JAKARTA - Universitas Saintek Muhammadiyah (USM) menjadi tuan rumah pameran foto Taufan Al-Aqsa dan seminar internasional dengan tema "INDONESIA VOICE Memahami Gerakan Mahasiswa Dunia: Kemanusian dan Solidaritas Global Membela Kemerdekaan Palestina."
Acara ini diselenggarakan oleh Yayasan Peradaban dan Studi Peradaban (YPSP) berkolaborasi dengan Forum Komunikasi Mahasiswa Bela Palestina (FKMBP) dan BEM USM.
Pameran dua hari ini sejak tanggal 25-26 Juni 2024, menampilkan ratusan koleksi foto yang menggambarkan dampak dan korban dari agresi Israel. Foto-foto tersebut mencakup korban syuhada Palestina, termasuk jurnalis, perempuan, anak-anak, tokoh dan akademisi, serta tim SAR. Selain itu, ditampilkan juga dampak serangan Israel yang menghancurkan ratusan ribu bangunan dan fasilitas di Jalur Gaza, seperti rumah, gereja, masjid, sekolah, universitas, gedung pemerintah, dan rumah sakit.
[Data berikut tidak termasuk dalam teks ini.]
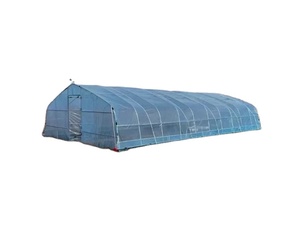 Serra Agricola Commerciale Industriale per Pomodori 8x50m a Costo Ridotto a Campata Singola - Product Image 1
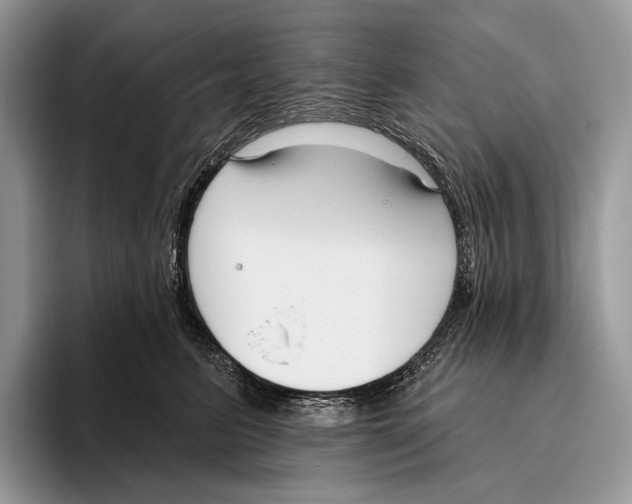 X0000095960615200802081319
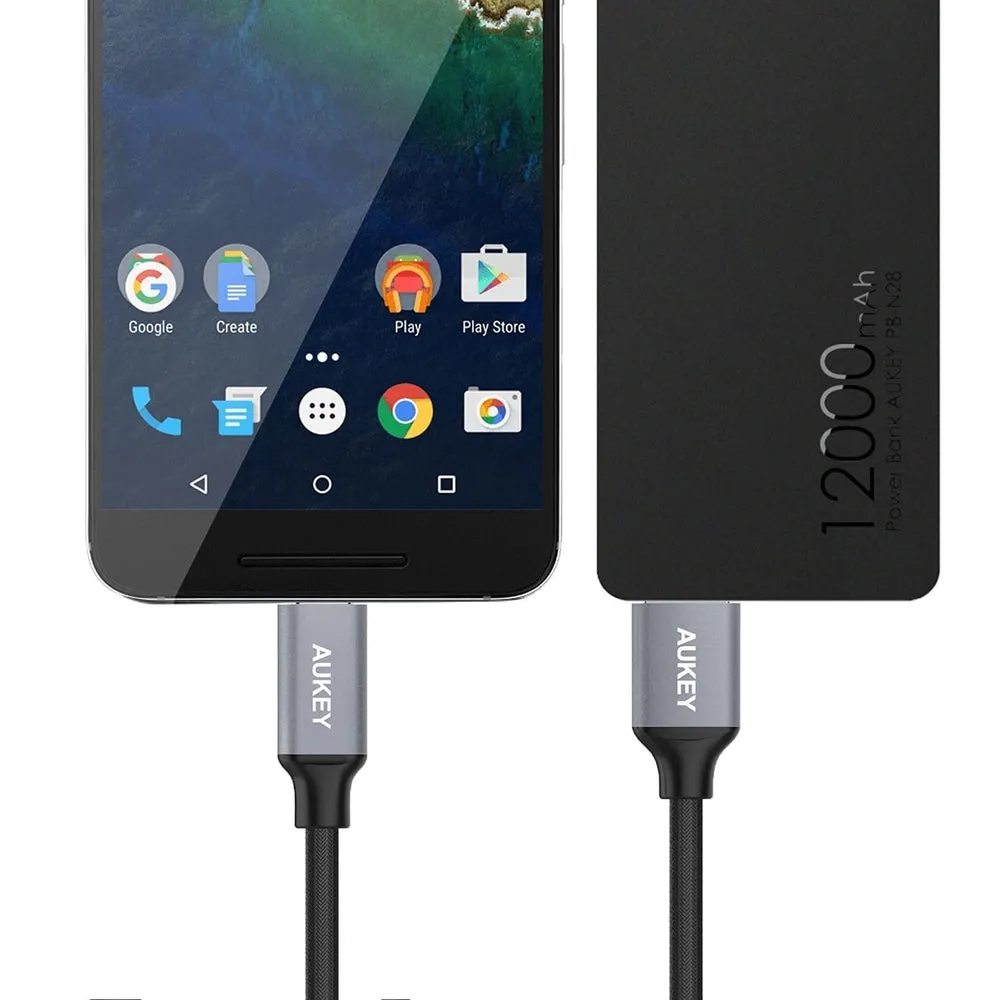 CB-CD2 3.3ft USB-C to USB 3.0 Quick Charge 3.0 High Performance Nylon Braided Cable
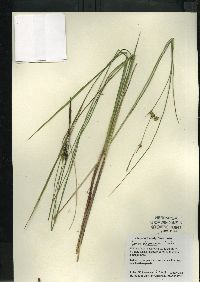 Carex oligosperma image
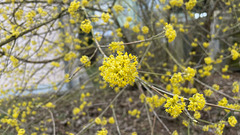 Cornus mas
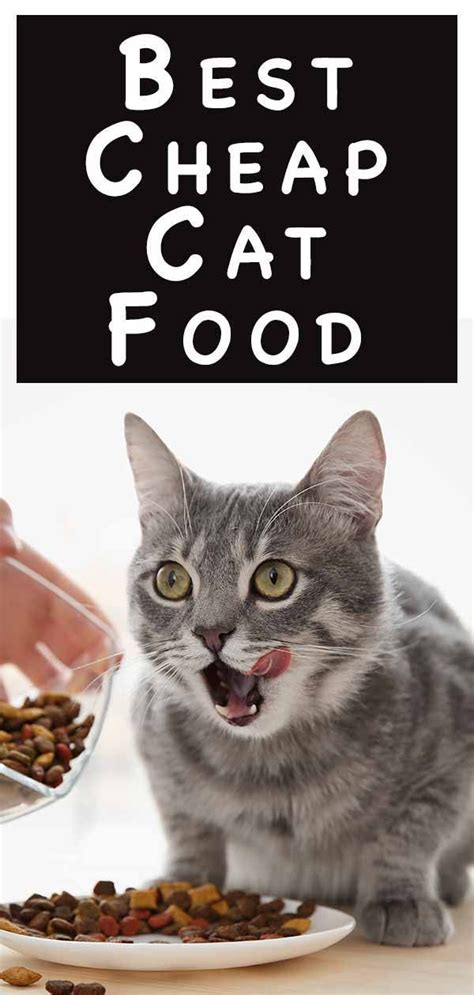 Hills brand cat food (self.catfood). A Complete Guide To The Best Cheap Cat Food - Wet and Dry ...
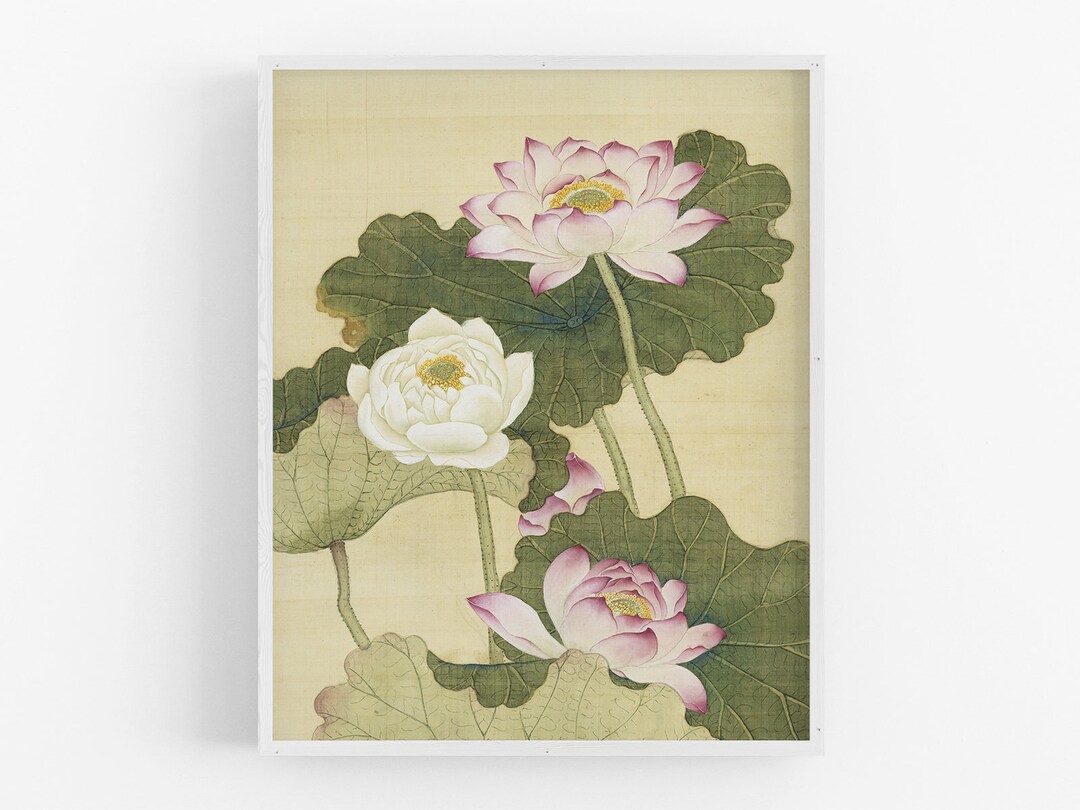 Chinese Pink Lotus Flower Chinoiserie Art Print - Etsy
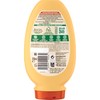 Garnier Hair Conditioner (with Ice Treasures) – 250 ml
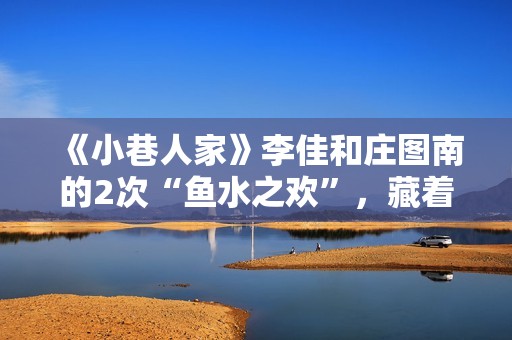 《小巷人家》李佳和庄图南的2次“鱼水之欢”，藏着成年人的算计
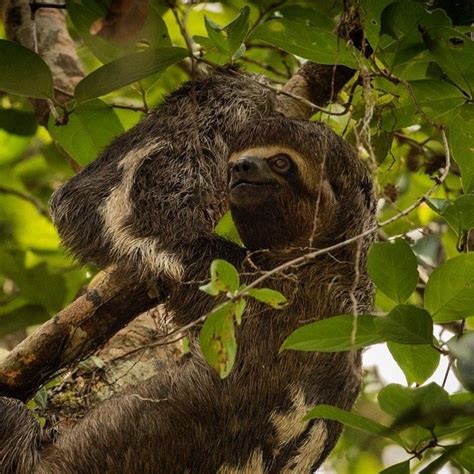 National Geographic On Instagram Photo By Trevor Frost Tbfrost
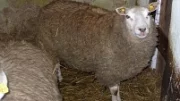 Plemenitba ovcí
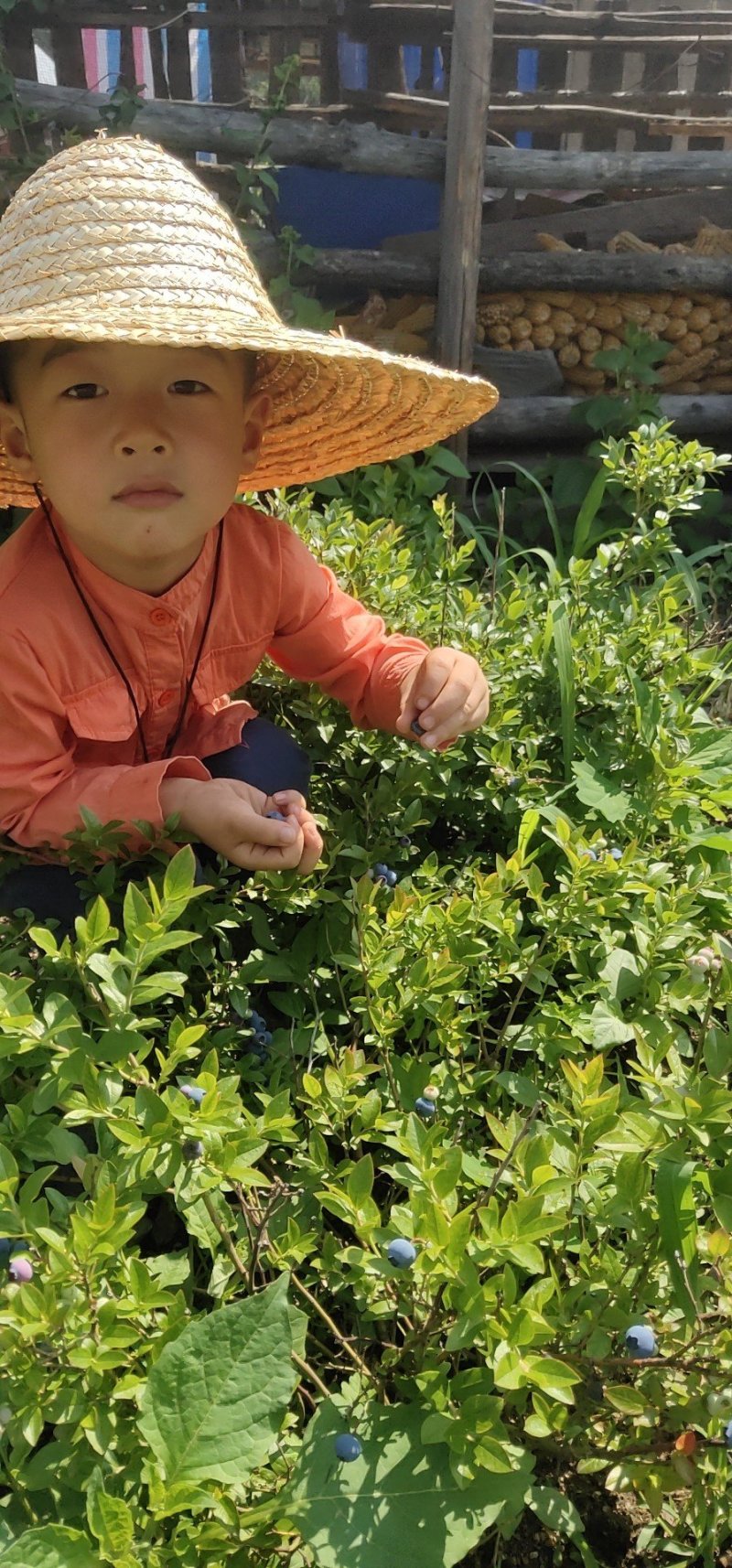 蓝莓苗大果蓝莓北陆瑞卡南北方种植带土发货露地庭院盆栽绿植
Pada hari pertama pameran, Direktur YPSP, Dr. Ahed Abu Alatta, membuka acara. Sejumlah tokoh dan akademisi turut hadir, termasuk Ketua Badan Kerja Sama Antar Parlemen (BKSAP) DPR RI, Dr. H. Fadli Zon, S.S., M.Sc., pimpinan kampus USM, perwakilan FKMBP, dan Ketua BEM USM. Lebih dari 230 mahasiswa juga hadir dalam acara ini.
Dalam sambutannya, Ahed Abu Alatta menyampaikan apresiasi kepada mahasiswa Indonesia yang kreatif dan inovatif sebagai agen perubahan dunia yang penting dalam menyuarakan kemanusiaan di Palestina.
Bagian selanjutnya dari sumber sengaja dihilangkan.